Uses: Mahogany is widely used for furniture and cabinetmaking, office, shop and bank fitting, interior joinery, boatbuilding and vehicle bodies. It is extensively used for laminations especially in cold moulded processes. Rotary cut logs are used for plywood and sliced veneers for decorative work.
General Description: Mahogany's heartwood varies from light to deep reddish-brown. Grain straight to interlocked, moderately coarse textured to medium. Logs may have brittleheart or softheart and cross fractures or heartbreaks. Weight 540-590 kg/m³ (34-36 lb/ft³); specific gravity .54 to .59.

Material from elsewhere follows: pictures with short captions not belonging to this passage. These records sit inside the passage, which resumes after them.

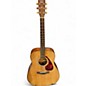 Used Yamaha F335 Natural Acoustic Guitar thumbnail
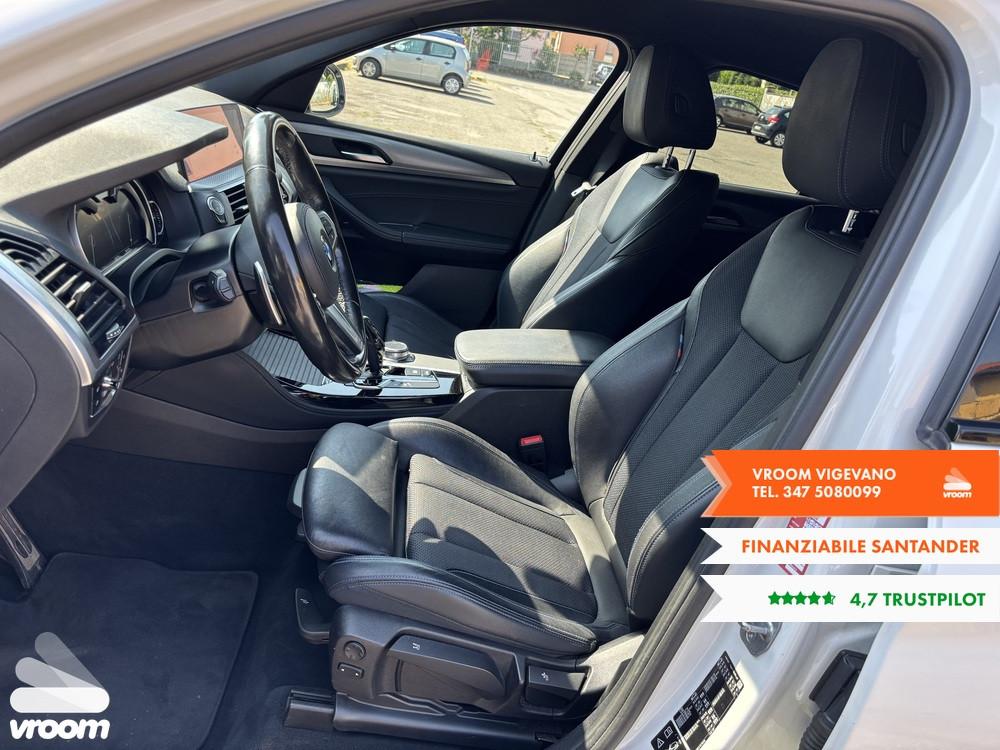 BMW X4 (G02/F98) X4 xDrive20d Msport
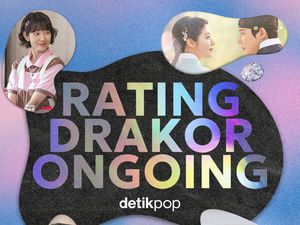 Urutan Rating Drama Korea On Going Pekan Ini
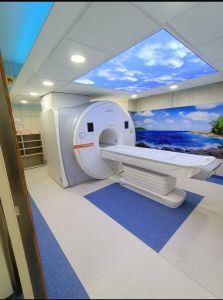 Dynamic Sky Cloud Ceiling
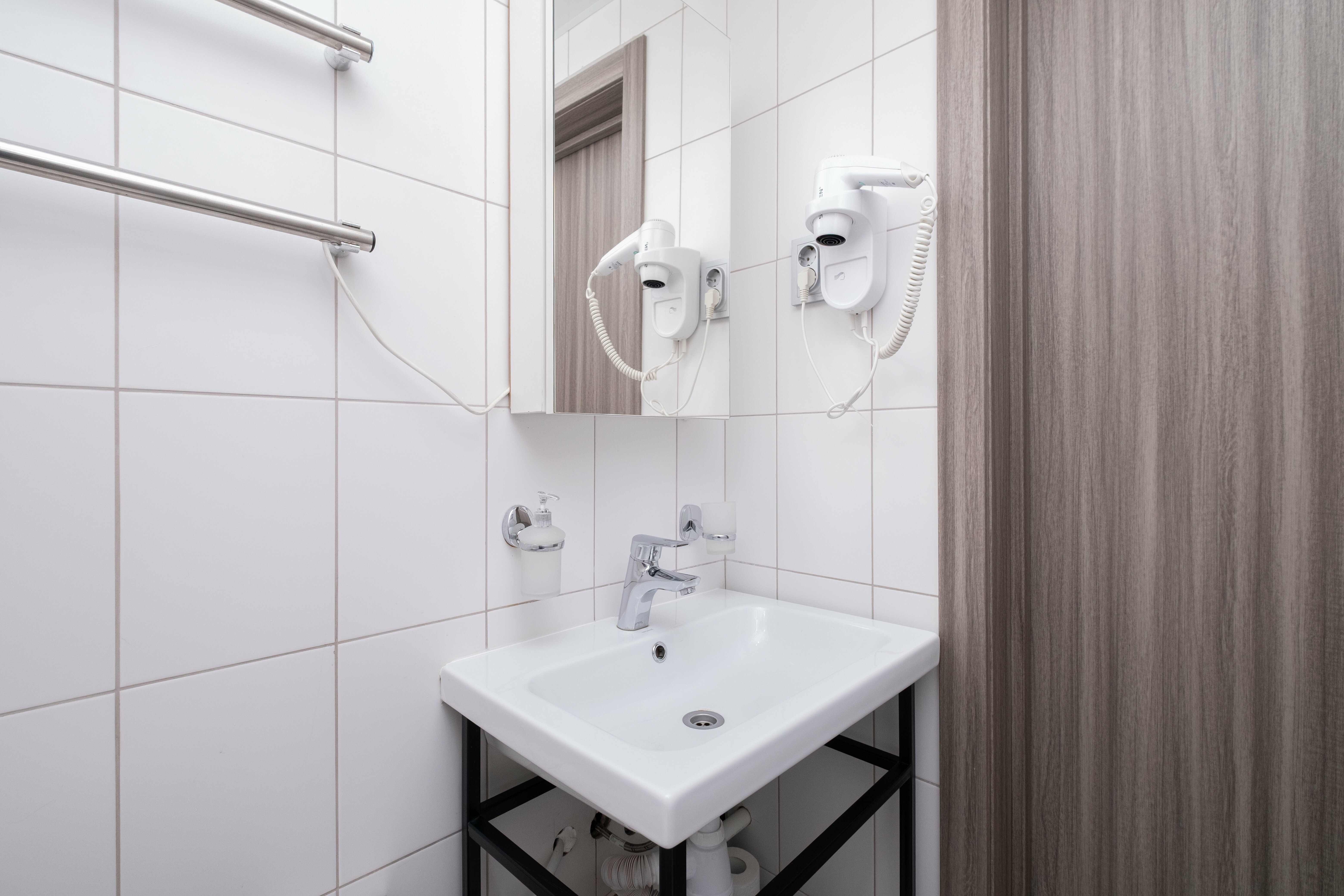 Двухуровневый номер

K. anthotheca has moderately good wood bending properties, the other types cannot be bent without severe buckling or fibre rupture. The bending strength is low, stiffness and resistance to shock loads is very low and the crushing strength is medium.
Dries rapidly with little degrade except where tension wood occurs, causing serious distortion. Small movement in service.

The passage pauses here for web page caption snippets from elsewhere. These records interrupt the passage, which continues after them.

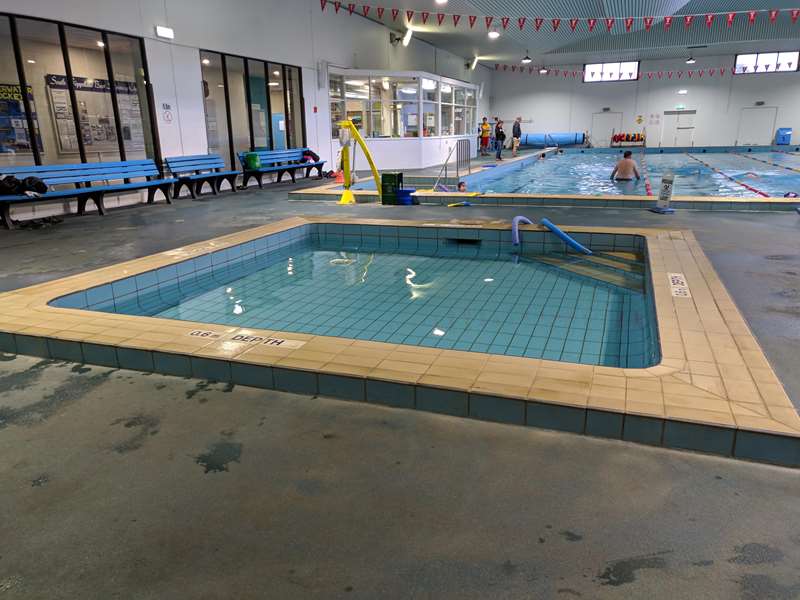 Wonthaggi - Bass Coast Aquatic & Leisure Centre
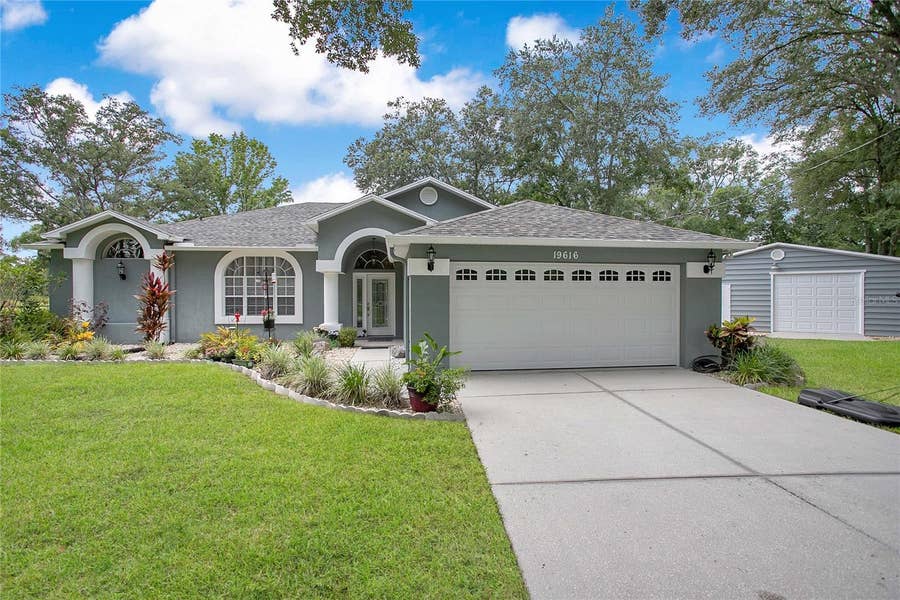 Property photo for 19616 LIVINGSTON AVENUE, Lutz, FL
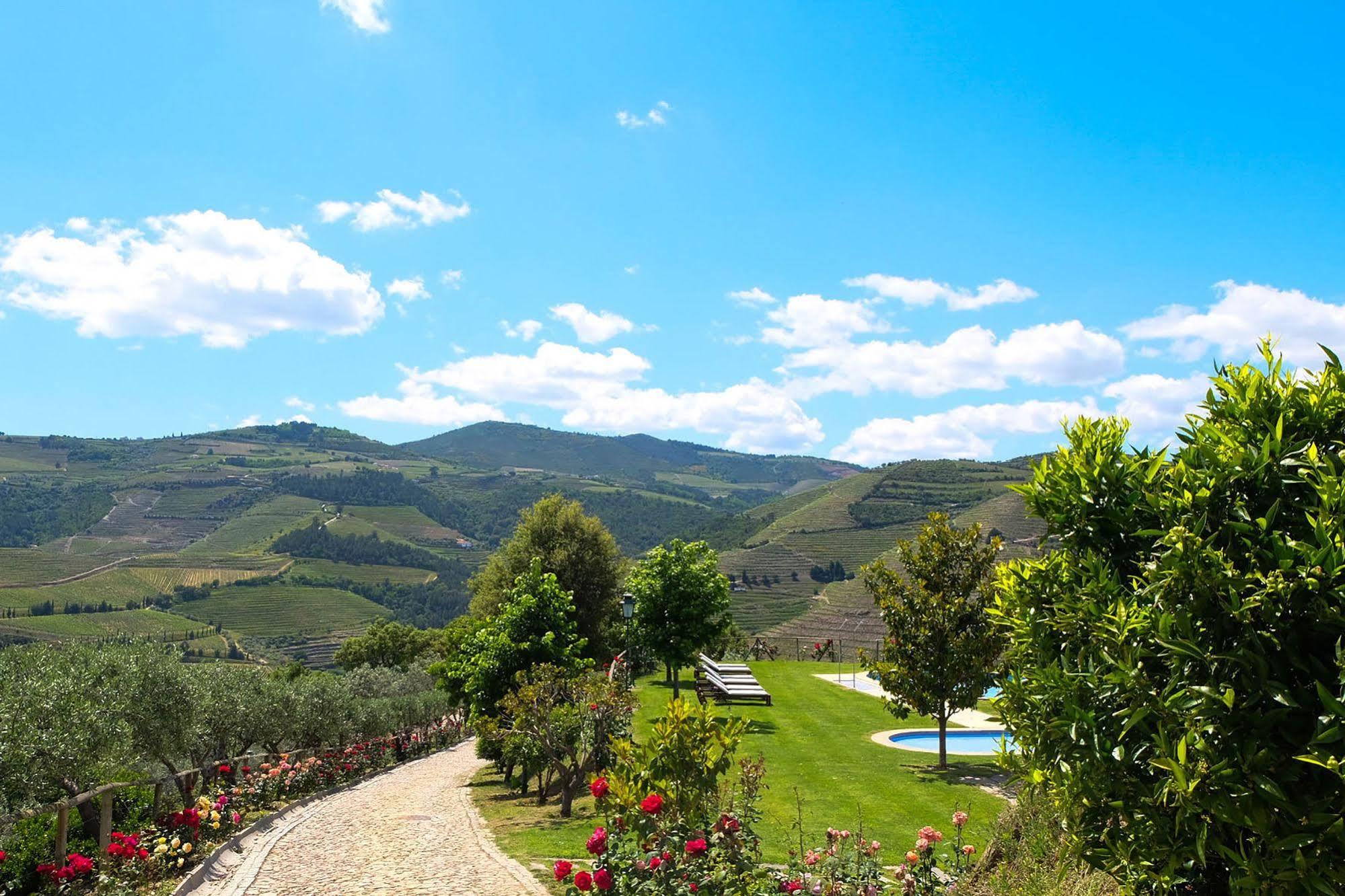 Hotel Rural Da Quinta Do Silval Vale de Mendiz Zewnętrze zdjęcie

Liable to insect attack. The heartwood is moderately durable but extremely resistant to preservative treatment and the sapwood is moderately resistant.
Family Name: Meliaceae
Latin Name: Khaya ivorensis
Distribution: West Africa
Also known as: Nigerian, Benin, Lagos or Degema mahogany; krala (Ivory Coast), mangona (Cameroon), munyama (Uganda); mbaua (Mozambique), mbawa (Malawi), mkangazi (Tanzania).